(Short web captions)

▽

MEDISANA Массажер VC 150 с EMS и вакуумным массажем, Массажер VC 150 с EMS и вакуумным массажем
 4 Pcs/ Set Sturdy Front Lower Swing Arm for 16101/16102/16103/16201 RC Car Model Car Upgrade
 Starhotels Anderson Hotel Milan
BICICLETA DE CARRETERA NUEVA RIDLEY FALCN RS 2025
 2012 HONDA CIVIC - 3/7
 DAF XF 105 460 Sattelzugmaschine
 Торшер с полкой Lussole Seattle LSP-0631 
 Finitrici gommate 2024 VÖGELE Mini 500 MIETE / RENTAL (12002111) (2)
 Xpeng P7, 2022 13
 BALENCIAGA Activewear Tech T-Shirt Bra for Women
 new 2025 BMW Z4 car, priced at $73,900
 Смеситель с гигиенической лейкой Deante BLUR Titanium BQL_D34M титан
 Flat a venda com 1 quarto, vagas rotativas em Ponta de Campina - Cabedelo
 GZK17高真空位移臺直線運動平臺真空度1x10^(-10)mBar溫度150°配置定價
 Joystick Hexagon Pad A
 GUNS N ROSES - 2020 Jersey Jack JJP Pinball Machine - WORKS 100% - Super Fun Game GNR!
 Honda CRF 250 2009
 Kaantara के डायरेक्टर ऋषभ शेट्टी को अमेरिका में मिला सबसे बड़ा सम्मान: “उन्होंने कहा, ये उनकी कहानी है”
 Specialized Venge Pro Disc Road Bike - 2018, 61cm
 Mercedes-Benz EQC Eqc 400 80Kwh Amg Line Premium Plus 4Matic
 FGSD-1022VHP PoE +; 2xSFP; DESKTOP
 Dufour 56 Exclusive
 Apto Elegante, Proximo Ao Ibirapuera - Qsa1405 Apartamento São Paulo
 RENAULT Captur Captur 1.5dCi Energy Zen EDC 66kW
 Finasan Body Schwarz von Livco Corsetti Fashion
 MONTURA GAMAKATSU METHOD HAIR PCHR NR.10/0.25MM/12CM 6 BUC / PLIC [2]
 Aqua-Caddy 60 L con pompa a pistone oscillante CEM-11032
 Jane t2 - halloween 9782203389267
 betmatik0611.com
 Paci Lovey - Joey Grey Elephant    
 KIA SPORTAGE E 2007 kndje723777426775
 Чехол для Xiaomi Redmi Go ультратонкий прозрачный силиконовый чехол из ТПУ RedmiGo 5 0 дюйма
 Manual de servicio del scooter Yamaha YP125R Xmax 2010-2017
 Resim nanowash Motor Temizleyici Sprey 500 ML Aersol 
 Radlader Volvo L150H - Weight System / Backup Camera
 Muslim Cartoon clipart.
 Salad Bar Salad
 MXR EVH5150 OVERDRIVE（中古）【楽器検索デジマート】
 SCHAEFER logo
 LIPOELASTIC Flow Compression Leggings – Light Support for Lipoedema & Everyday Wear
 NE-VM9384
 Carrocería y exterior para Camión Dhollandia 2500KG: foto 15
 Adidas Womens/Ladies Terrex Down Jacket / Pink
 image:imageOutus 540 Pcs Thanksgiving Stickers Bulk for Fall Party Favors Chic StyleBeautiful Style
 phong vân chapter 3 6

△

■ **WHAT YOU ARE ASKED TO DO**:
What do the lines above say from the one containing "betmatik0611.com" down to the one containing "Salad Bar Salad"? Return them exactly, both end lines included, and only them.

■ **ANSWER AREA**:
 betmatik0611.com
 Paci Lovey - Joey Grey Elephant    
 KIA SPORTAGE E 2007 kndje723777426775
 Чехол для Xiaomi Redmi Go ультратонкий прозрачный силиконовый чехол из ТПУ RedmiGo 5 0 дюйма
 Manual de servicio del scooter Yamaha YP125R Xmax 2010-2017
 Resim nanowash Motor Temizleyici Sprey 500 ML Aersol 
 Radlader Volvo L150H - Weight System / Backup Camera
 Muslim Cartoon clipart.
 Salad Bar Salad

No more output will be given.